Mercredi 13 octobre,  Emmanuel Macron annonce la mise en place d’un couvre-feu dans plusieurs villes françaises –dont la métropole Aix-Marseille. Pas de retour à la normale pour les restaurateurs, les barmen, les cinéphiles… ou les étudiants. A ce sujet, qu’en pensent les professeurs ? Alexis Bugada enseigne le droit social à la faculté d’Aix-Marseille. Vianney Marie-Joseph est chargé de TD en droit du contentieux administratif. Tous deux témoignent.

              Depuis mars dernier un protocole de distanciation sociale a été mis en place. Impossible alors d’enseigner de manière traditionnelle à la fac… il a fallu s’adapter, et beaucoup ont opté pour des cours via la plateforme zoom. Pensez-vous que cette solution soit efficace ?
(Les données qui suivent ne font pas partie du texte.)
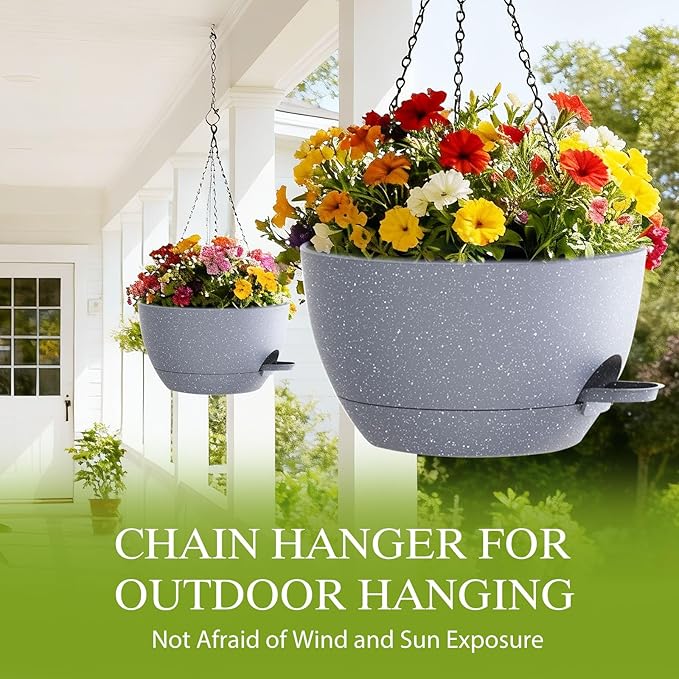 12 Inch Hanging Baskets 2 PC - Image 5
A. Bugada: Les cours en ligne ne se substituent, à mon avis, qu’imparfaitement au cours en présentiel. Ils se veulent « vivant », dans l’instant présent avec l’auditoire. Via zoom, le flux de parole est affecté, le paralangage également… Alors le cours s’allège sans qu’on n’ait la certitude, faute de public immédiat, que le message passe bien. Cependant, ces nouvelles pratiques possèdent des effets positifs : par exemple, le « chat » en direct permet de mieux échanger qu’en amphi ; la timidité retenant souvent les étudiants. J’ai aussi choisi de solliciter des notes de cours, que je relis, corrige et agrémente. Cela me permet de voir comment les étudiants réceptionnent mon cours, ce qu’ils en comprennent, mais aussi les moments où j’ai manqué de clarté.
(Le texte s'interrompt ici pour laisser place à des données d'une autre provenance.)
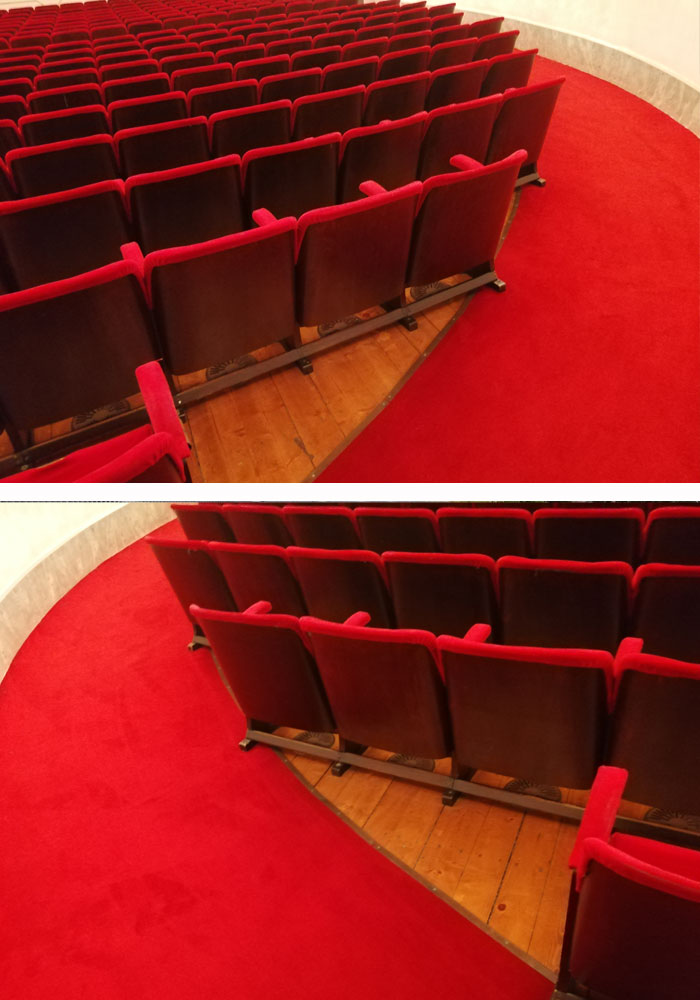 Posti riservati in platea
V. Marie-Joseph: la communication change de manière assez étrange : le virtuel conduit à un certain formalisme qui crée de la distance entre les chargés de TD et les étudiants, alors même que traditionnellement les rapports étaient plus étroits. Nous semblons normalement, d’après mon expérience, plus accessibles aux étudiants. Je trouve à ce titre que l’enseignement en distanciel conduit à une certaine fracture d’une relation profitable à l’étudiant comme au chargé de TD.

              Bien des étudiants reconnaissent qu’il est difficile pour eux de suivre les cours à distance. Qu’en est-il de vous ? A quelles difficultés vous confrontez-vous ?
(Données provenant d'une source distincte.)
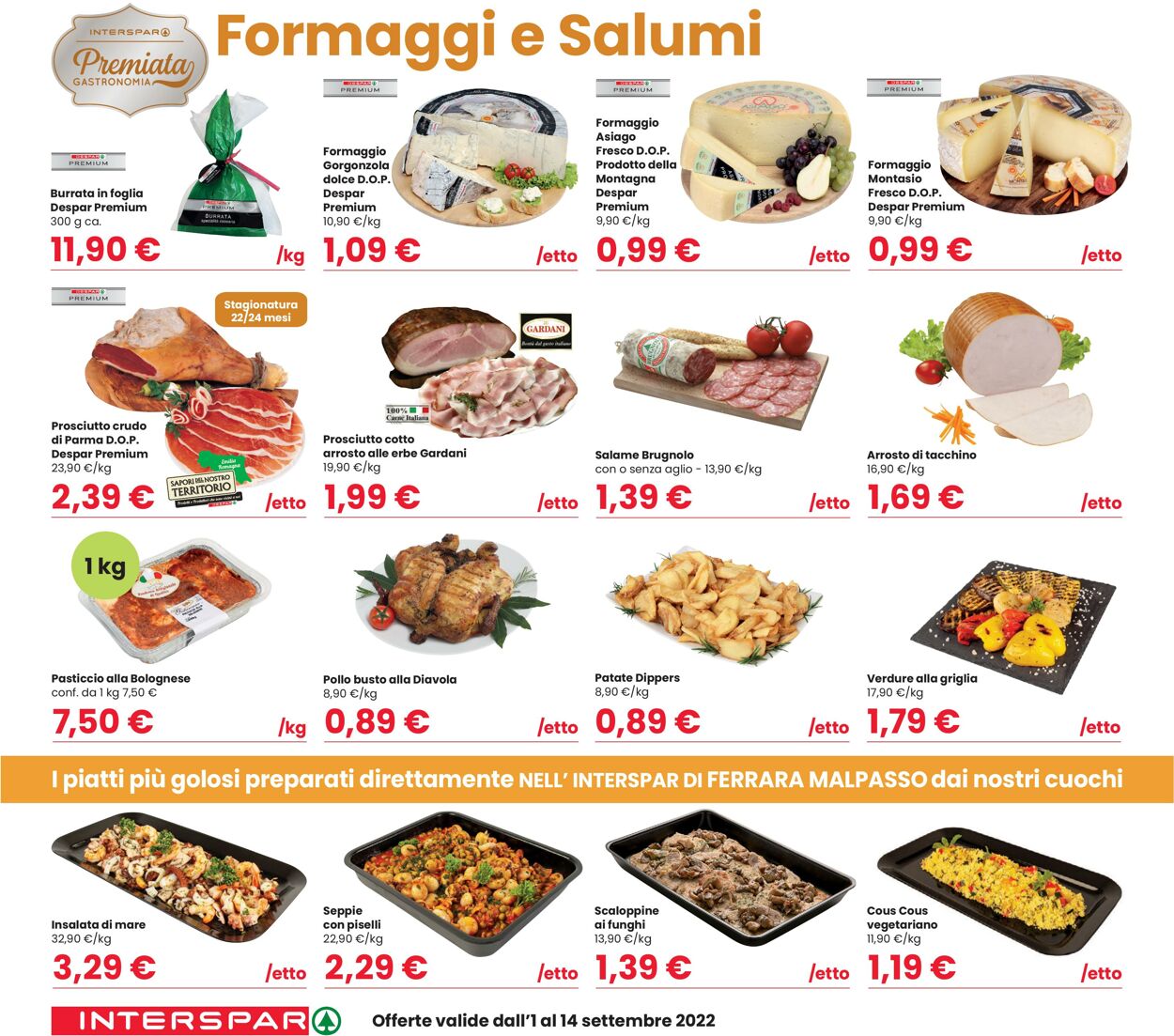 Volantino Interspar 01.09.2022 - 14.09.2022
A. Bugada: Pour ma part, les connexions ont parfois posé problème. Les téléchargements, de même, sont hasardeux et nécessitent des manipulations laborieuses : le téléchargement de mon cours audio du jeudi mobilise mon ordinateur une partie de la nuit ! Sur le plan pédagogique, je ne crois pas que passer autant de temps sur un écran pour « apprendre » soit une bonne chose, d’autant que l’interaction avec les camarades est également essentielle. Vivre en société, ce n’est pas vivre dans sa bulle numérique. Oui, les cours traditionnels me manquent, mais je me dis que c’est le moment ou jamais d’innover.

V. Marie-Joseph: Je suis en permanence dans l’angoisse qu’un problème technique survienne et qu’il porte atteinte à la qualité des TD que je dispense. J’essaie vraiment de me mettre à la place des étudiants pour que la séance reste pédagogique et instructive. Je dicte moins, puisqu’il est plus difficile de juger si le rythme est bon ou non. Le but est aussi de rendre le cours plus interactif, afin de pallier au manque de contact. Les cours en présentiel me manquent donc terriblement. 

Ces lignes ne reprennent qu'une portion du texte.